═══ INPUT

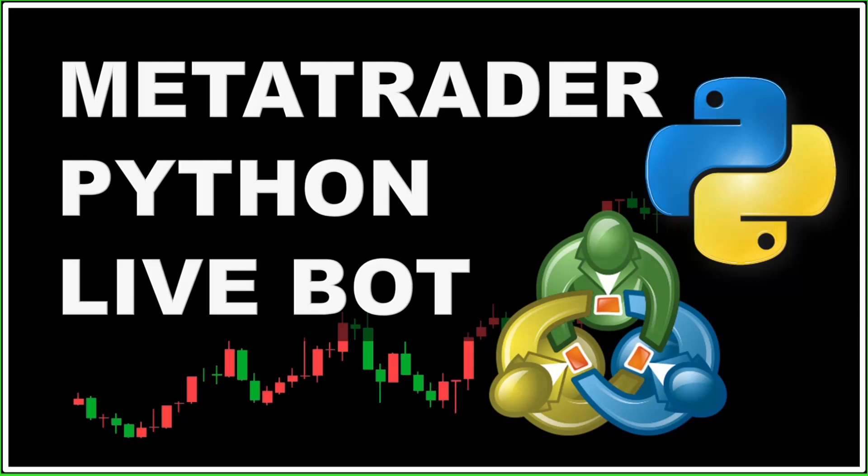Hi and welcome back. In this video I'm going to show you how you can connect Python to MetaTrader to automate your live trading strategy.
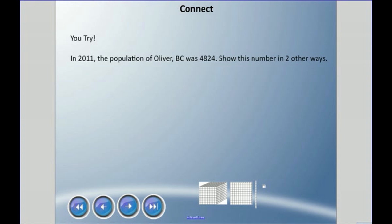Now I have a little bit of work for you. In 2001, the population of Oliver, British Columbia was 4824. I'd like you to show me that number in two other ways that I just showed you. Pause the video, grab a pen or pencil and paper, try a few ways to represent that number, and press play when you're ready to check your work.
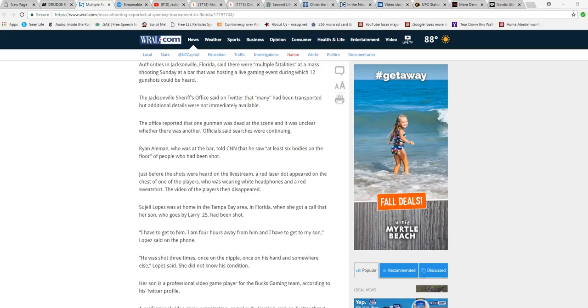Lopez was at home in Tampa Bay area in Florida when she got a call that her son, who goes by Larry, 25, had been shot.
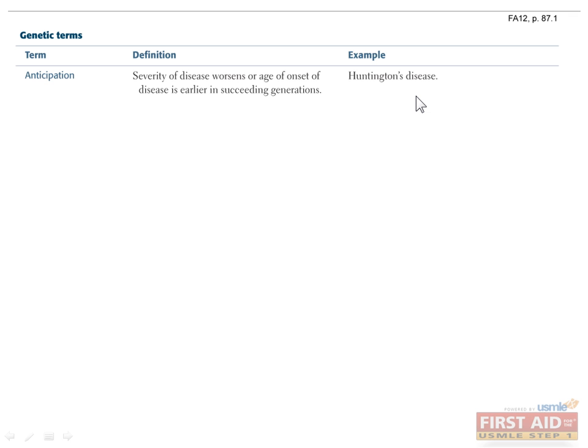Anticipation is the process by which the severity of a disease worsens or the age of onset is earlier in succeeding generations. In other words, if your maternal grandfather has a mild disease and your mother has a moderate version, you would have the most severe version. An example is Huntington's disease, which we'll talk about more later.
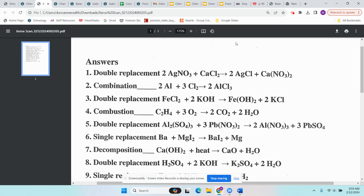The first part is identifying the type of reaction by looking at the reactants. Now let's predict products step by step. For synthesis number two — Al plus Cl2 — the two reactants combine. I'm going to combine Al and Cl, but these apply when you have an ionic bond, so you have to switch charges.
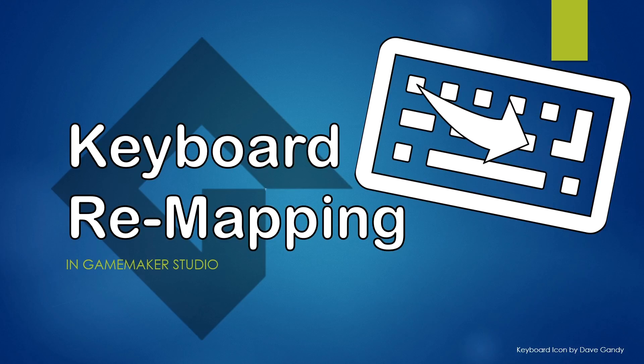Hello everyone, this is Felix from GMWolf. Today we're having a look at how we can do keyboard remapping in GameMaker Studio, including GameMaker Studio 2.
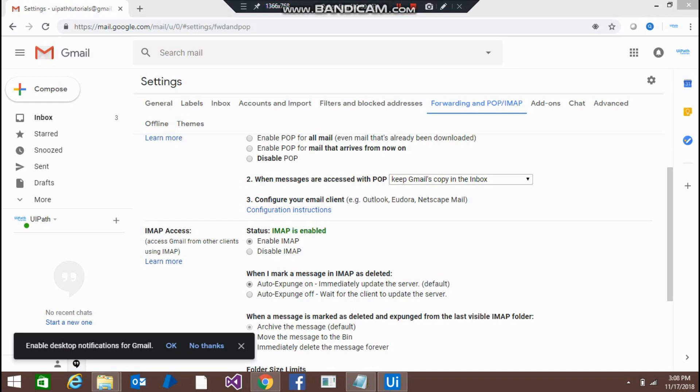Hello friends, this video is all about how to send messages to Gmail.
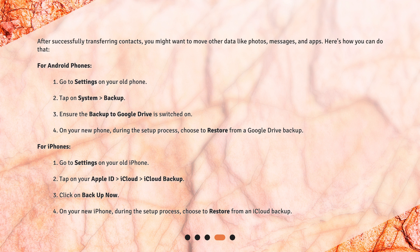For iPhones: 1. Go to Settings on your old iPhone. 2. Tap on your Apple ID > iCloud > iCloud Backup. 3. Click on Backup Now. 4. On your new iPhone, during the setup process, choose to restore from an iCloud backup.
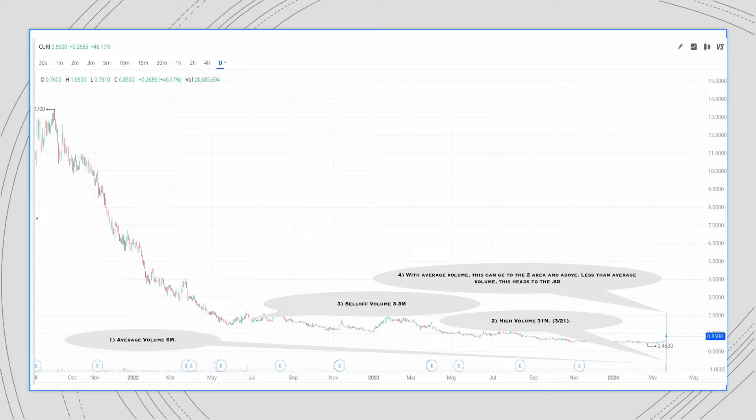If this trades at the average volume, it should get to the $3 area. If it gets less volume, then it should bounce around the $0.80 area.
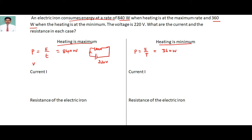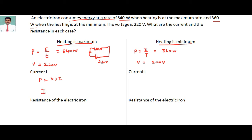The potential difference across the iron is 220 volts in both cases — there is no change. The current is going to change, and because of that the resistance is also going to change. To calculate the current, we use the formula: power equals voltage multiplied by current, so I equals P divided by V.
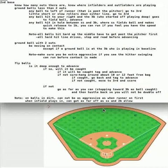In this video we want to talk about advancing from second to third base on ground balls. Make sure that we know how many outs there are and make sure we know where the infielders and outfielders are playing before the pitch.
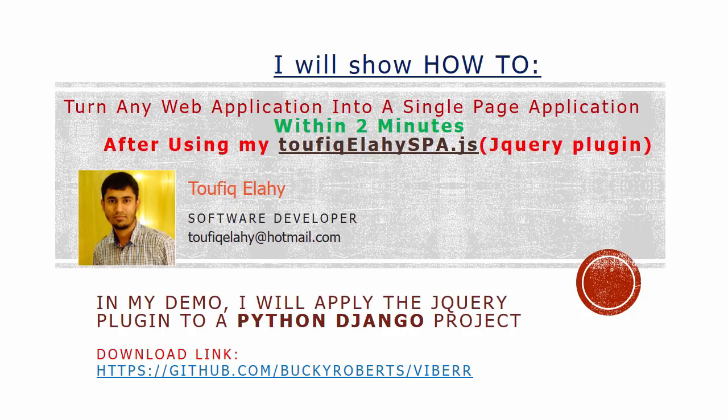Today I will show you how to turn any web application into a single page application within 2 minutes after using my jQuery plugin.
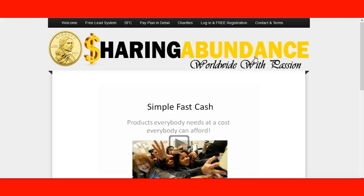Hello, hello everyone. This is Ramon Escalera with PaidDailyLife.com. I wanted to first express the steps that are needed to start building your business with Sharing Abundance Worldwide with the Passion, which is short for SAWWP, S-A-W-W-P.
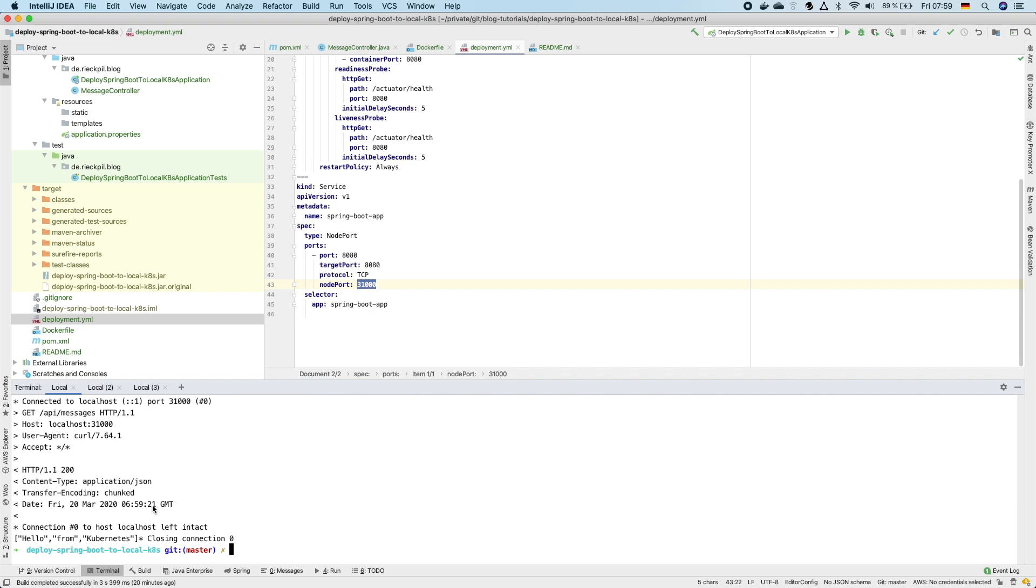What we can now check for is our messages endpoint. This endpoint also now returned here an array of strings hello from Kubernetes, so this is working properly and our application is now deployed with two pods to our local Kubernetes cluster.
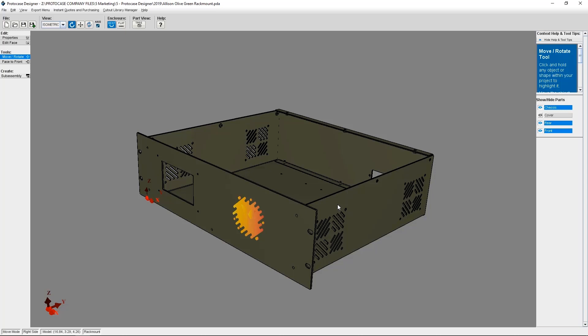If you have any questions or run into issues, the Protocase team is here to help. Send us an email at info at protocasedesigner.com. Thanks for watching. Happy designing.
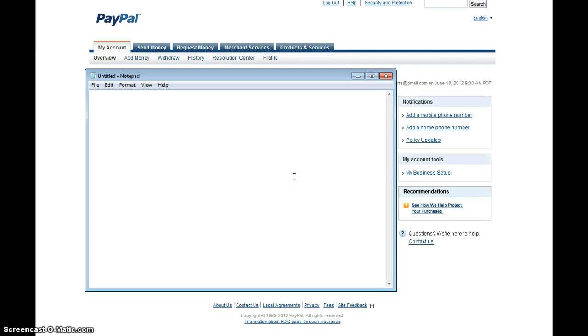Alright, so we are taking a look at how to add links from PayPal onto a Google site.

══════

EXERCISE PROMPT – Your copy should match every entry above exactly and contain no pictures.

ANSWER FOR THIS EXERCISE –
Hi and welcome back. In this video I'm going to show you how you can connect Python to MetaTrader to automate your live trading strategy.
Now I have a little bit of work for you. In 2001, the population of Oliver, British Columbia was 4824. I'd like you to show me that number in two other ways that I just showed you. Pause the video, grab a pen or pencil and paper, try a few ways to represent that number, and press play when you're ready to check your work.
Lopez was at home in Tampa Bay area in Florida when she got a call that her son, who goes by Larry, 25, had been shot.
Anticipation is the process by which the severity of a disease worsens or the age of onset is earlier in succeeding generations. In other words, if your maternal grandfather has a mild disease and your mother has a moderate version, you would have the most severe version. An example is Huntington's disease, which we'll talk about more later.
The first part is identifying the type of reaction by looking at the reactants. Now let's predict products step by step. For synthesis number two — Al plus Cl2 — the two reactants combine. I'm going to combine Al and Cl, but these apply when you have an ionic bond, so you have to switch charges.
Hello everyone, this is Felix from GMWolf. Today we're having a look at how we can do keyboard remapping in GameMaker Studio, including GameMaker Studio 2.
Hello friends, this video is all about how to send messages to Gmail.
For iPhones: 1. Go to Settings on your old iPhone. 2. Tap on your Apple ID > iCloud > iCloud Backup. 3. Click on Backup Now. 4. On your new iPhone, during the setup process, choose to restore from an iCloud backup.
If this trades at the average volume, it should get to the $3 area. If it gets less volume, then it should bounce around the $0.80 area.
The potential difference across the iron is 220 volts in both cases — there is no change. The current is going to change, and because of that the resistance is also going to change. To calculate the current, we use the formula: power equals voltage multiplied by current, so I equals P divided by V.
In this video we want to talk about advancing from second to third base on ground balls. Make sure that we know how many outs there are and make sure we know where the infielders and outfielders are playing before the pitch.
Today I will show you how to turn any web application into a single page application within 2 minutes after using my jQuery plugin.
Hello, hello everyone. This is Ramon Escalera with PaidDailyLife.com. I wanted to first express the steps that are needed to start building your business with Sharing Abundance Worldwide with the Passion, which is short for SAWWP, S-A-W-W-P.
What we can now check for is our messages endpoint. This endpoint also now returned here an array of strings hello from Kubernetes, so this is working properly and our application is now deployed with two pods to our local Kubernetes cluster.
If you have any questions or run into issues, the Protocase team is here to help. Send us an email at info at protocasedesigner.com. Thanks for watching. Happy designing.
Alright, so we are taking a look at how to add links from PayPal onto a Google site.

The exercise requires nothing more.